DATA EXCERPT >>
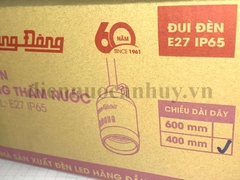Đui đèn chống nước Rạng Đông  E27 IP65 dài 40cm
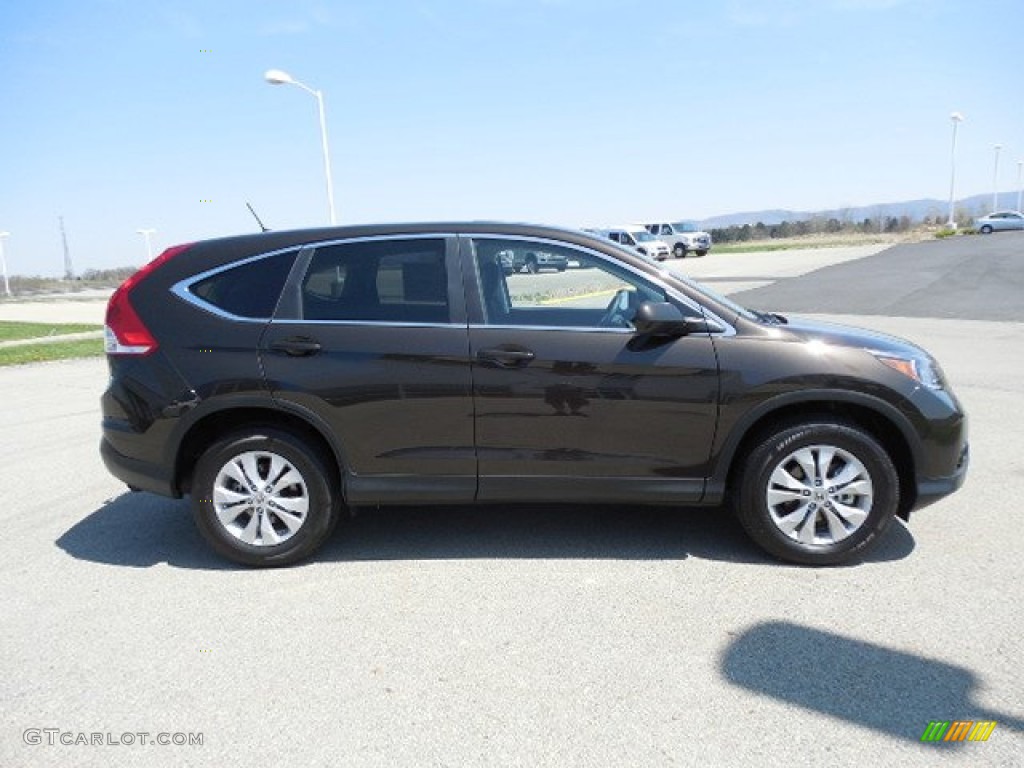 2013 CR-V EX AWD - Kona Coffee Metallic / Black photo #4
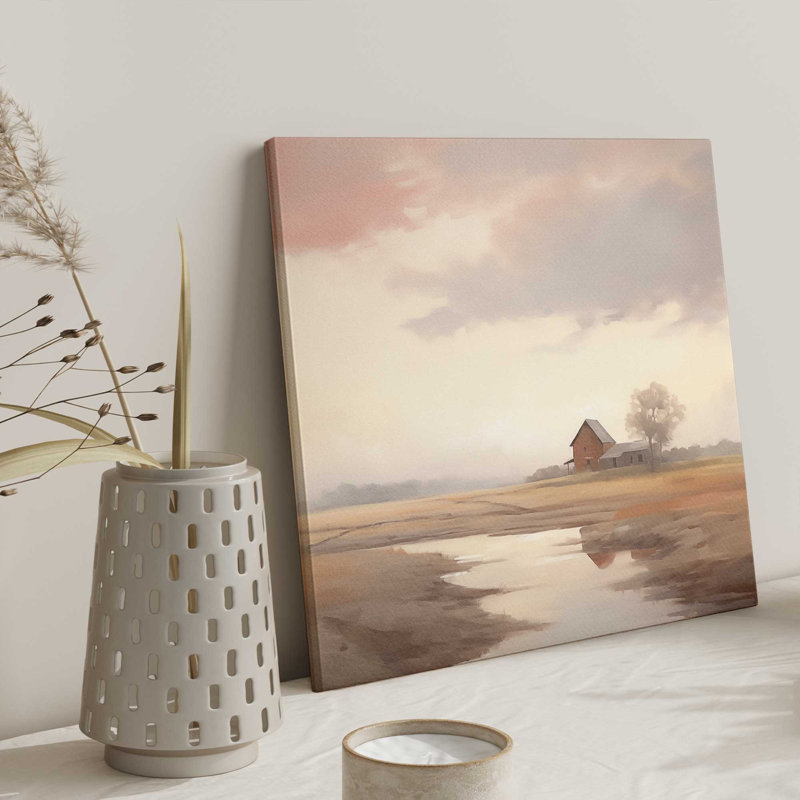 Rustic Barn Reflections, reproduction sur toile, Toile tendue, H 12 po x l 12 po x P 1,25 po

REQUIRED WORK >> Exclude the images, then output the data above word for word.

ANSWER FOR THE TASK >>
Đui đèn chống nước Rạng Đông  E27 IP65 dài 40cm
 2013 CR-V EX AWD - Kona Coffee Metallic / Black photo #4
 Rustic Barn Reflections, reproduction sur toile, Toile tendue, H 12 po x l 12 po x P 1,25 po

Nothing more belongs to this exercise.